Welcome to DBSTalk RobertB! :hi:

MrAkai nailed it - the only way you can view 4 birds is with a SW21 cascaded off of outputs 2, 3, or 4 of a SW64 and with a receiver that has support for the 129 slot. Fortunately for you, the 501 is one of those receivers. But you have to use the SW64.

LadyTalia - there are 2 reasons that I can come up with to do this: In my case I want both east and west CBS-HD channels and the HD-Demo channel. Probably in a more common case, a subscriber wants the Sky Angel channels off of 61.5 and has locals on 148.


----------



## RobertB (Oct 16, 2002)

Thanks for the assist everybody! Mark Lamutt is exactly right about the reason; I am a Sky Angel subscriber with two local stations on the 148 bird. I have been using my 501 to watch 110/119/148, and a 4000 to watch the Sky Angel channels. I have switched the Sky Angel channels over to the 501 and have linked the Dish 500 and 61.5 to it with a SW21. Two more questions: what do I do with the unneeded 4000 and where is the cheapest place to find a SW64? Any chance someone would trade?


----------



## HTguy (May 7, 2002)

I use the 4-sat set-up as described w/SW-21s cascaded from a SW-64. Just be aware that if you want to feed output #1 from the SW-64 to a rcvr the power inserter has to be between the switches. The other 3 ports can be fed direct.

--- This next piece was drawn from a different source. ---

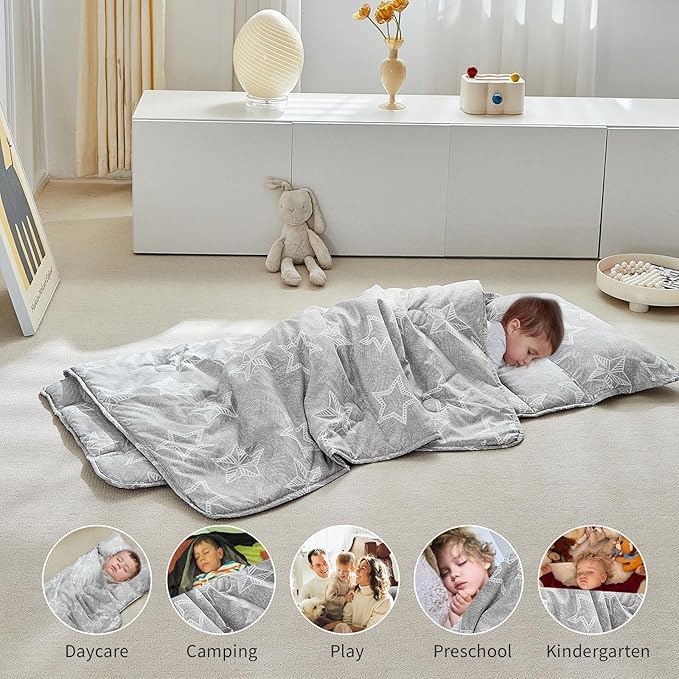 Toddler Nap Mat with Removable Pillow,Ultra Soft Slumber Bags for Girls,Kids Sleeping Bags with Roll Up Design, Perfect for Preschool,Daycare,Kindergarten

The arrangement works pretty well most of the time but, once in a while, if I change from a 61.5 to 148 channel & occasionally when I 1st power up the rcvr I get a "Problem has been detected with your switch message" and I am prompted to run a switch test. It takes a few minutes to run a 50 point switch test but fortunately I have discovered that if I just go to the PD&S screen & select Sat 119 T11 it locks on the signal & everything is okay.

It doesn't sound like this will be an issue for you but if you receive identical channels from both 61.5 & 148 the rcvr will default to 61.5 & not let you "Channel Up" or "Channel Down" thru the one @148. So you have to turn on the EPG to go up or down or "Recall" back to a non-dupe.


----------